Another interesting mechanic is the generation of Comrades. These are special NPCs that fight alongside the player characters. Mechanically they're sort of like familiars, as each player has direct control over their Comrades by the use of Orders. This doesn't mean that Comrades are expendable by any stretch as certain abilities rely on having a Comrade, and it is to a player's best interest to keep their Comrades alive as long as possible.

Vehicles also a large part in an Imperial Guard game, and vehicle rules account for movement and combat, including some interesting systems critical hit charts that go a long way to simulate the harrowing nature of taking a critical hit while inside a vehicle. Repair rules are also present, giving more opportunities to simulate the "less than ideal" world of living with vehicles that have been patched together by field repairs.

As with all the books in the Warhammer 40k line, the artwork is solid and the layout is readable. I'm glad that the fonts they chose for this are readable while retaining the whole Warhammer 40k vibe. Also of note is the fact that the PDF has been cross-linked, making rules look ups as painless as possible.

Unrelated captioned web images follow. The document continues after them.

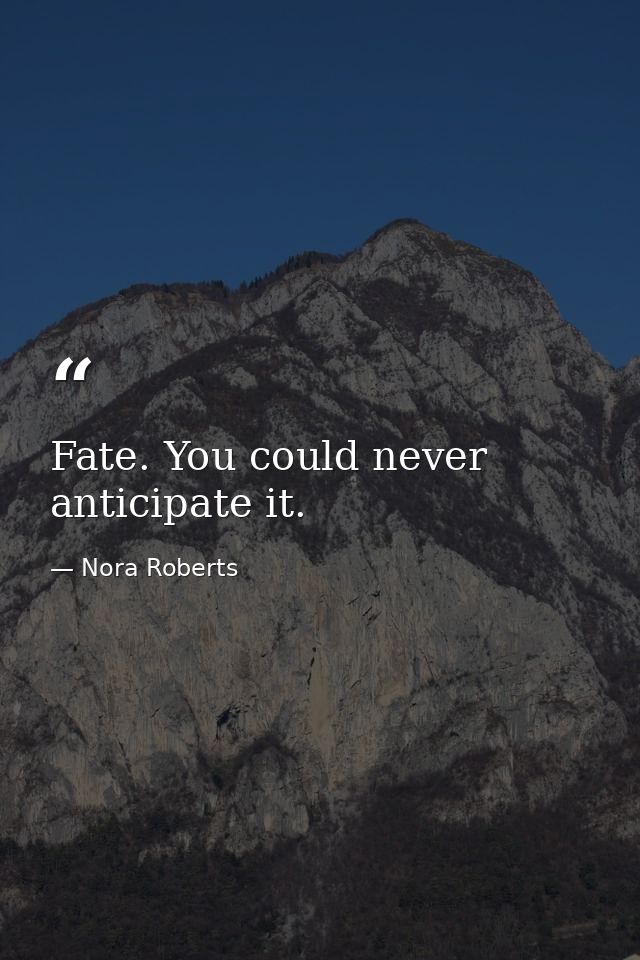 Fate. You could never anticipate it. — Nora Roberts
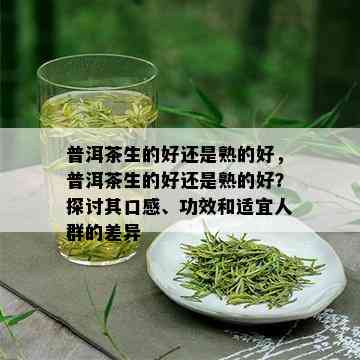 普洱茶生的好还是熟的好，普洱茶生的好还是熟的好？探讨其口感、功效和适宜人群的差异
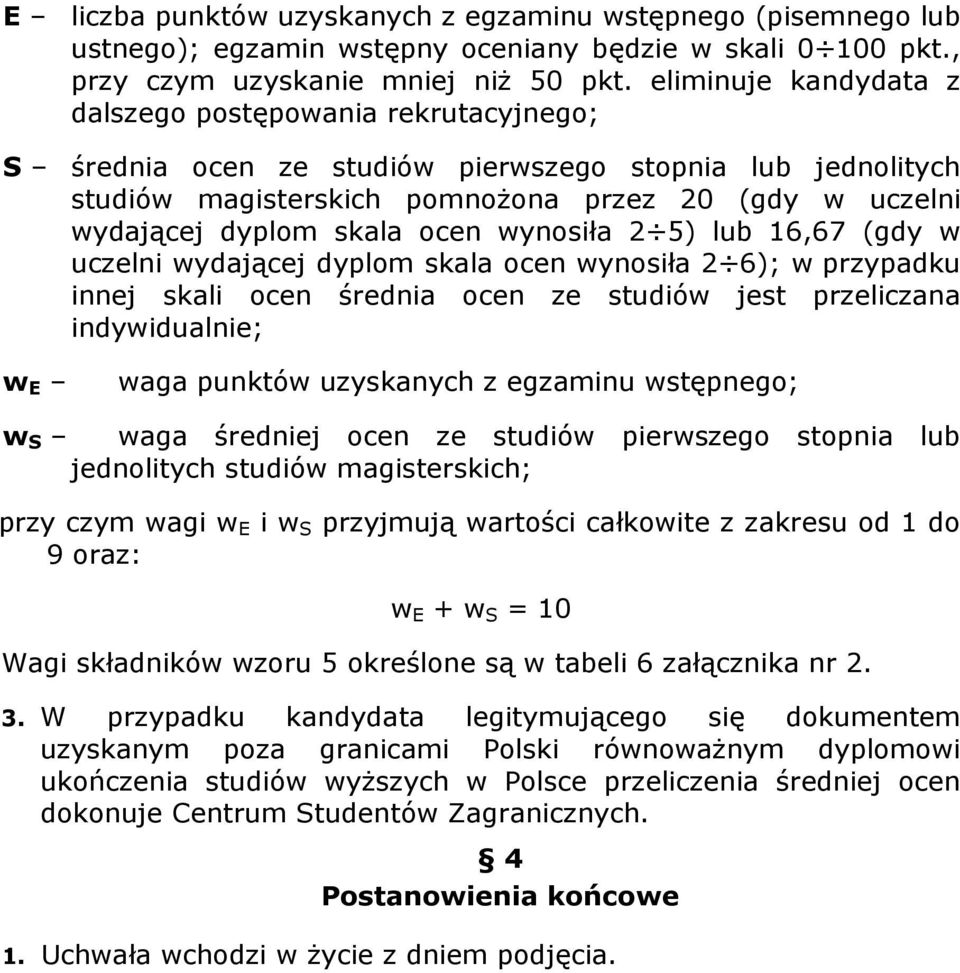 ocen wynosiła 2 5) lub 16,67 (gdy w uczelni wydającej dyplom skala ocen wynosiła 2 6); w przypadku innej skali ocen średnia ocen ze studiów jest przeliczana indywidualnie; w E waga punktów uzyskanych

Overall, I feel that Only War is a product that shows just how used to the system the team is already at this point. Furthermore, they have a very strong vision as to what the game should be about and aren't afraid to push that agenda via the rules. There's a lot of fluff discussing the nature of the war and how it grinds humanity down, but it never comes off as too depressing as to be utterly unplayable. There are real opportunities to live (and die) as heroes in the war. It's admittedly not the easiest thing to do in the context of RPGs, but in this case Only War deserves a Medal.

Rating:
[5 of 5 Stars!]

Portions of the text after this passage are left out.